***** STUDY MATERIAL
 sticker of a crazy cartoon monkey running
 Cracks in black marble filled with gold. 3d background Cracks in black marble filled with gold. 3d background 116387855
**********
***** STUDY MATERIAL
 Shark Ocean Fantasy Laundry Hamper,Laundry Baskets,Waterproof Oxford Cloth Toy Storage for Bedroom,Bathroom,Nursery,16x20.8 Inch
**********
***** STUDY MATERIAL
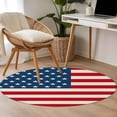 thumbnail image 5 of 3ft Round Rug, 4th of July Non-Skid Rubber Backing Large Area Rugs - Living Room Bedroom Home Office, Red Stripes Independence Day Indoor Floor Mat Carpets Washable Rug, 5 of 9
**********
* WHAT TO WORK ON
In the listing above, transcribe exactly everything from the line containing "sticker of a crazy cartoon monkey running" down to the line containing "Cracks in black marble filled with gold. 3d background Cracks", including both and nothing more.

* SOLUTION BELOW
 sticker of a crazy cartoon monkey running
 Cracks in black marble filled with gold. 3d background Cracks in black marble filled with gold. 3d background 116387855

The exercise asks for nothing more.